# What to work on
The required answer is an exact copy of the lines from the one containing "Épületgépészeti kézikönyv II. (töredék)" to the end of the listing, both included, without any pictures.

# Input data
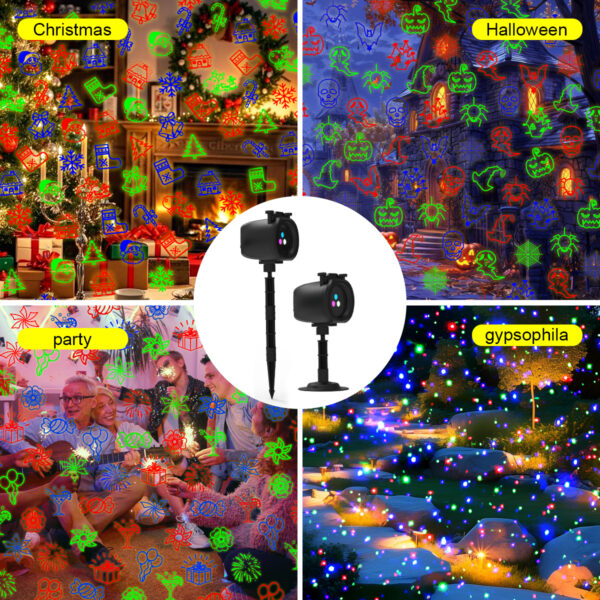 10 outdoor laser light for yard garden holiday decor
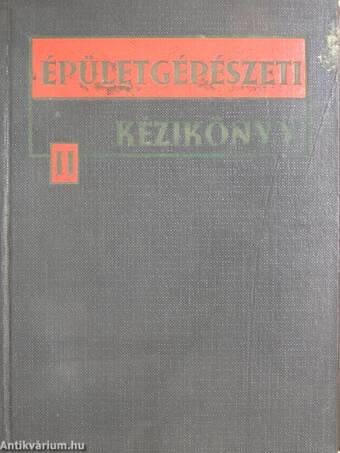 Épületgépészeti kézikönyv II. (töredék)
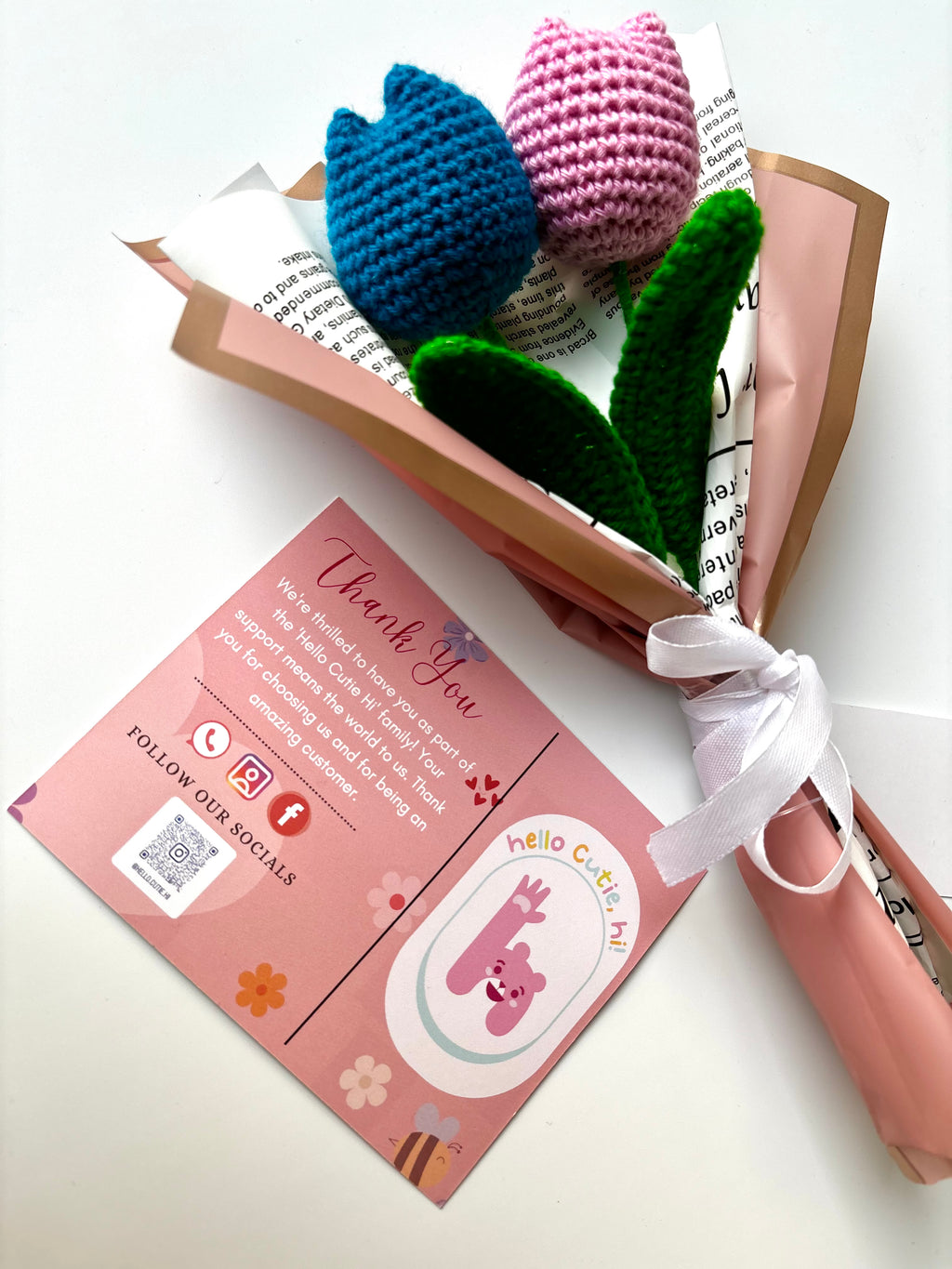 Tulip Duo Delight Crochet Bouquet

# Result of the exercise
 Épületgépészeti kézikönyv II. (töredék)
 Tulip Duo Delight Crochet Bouquet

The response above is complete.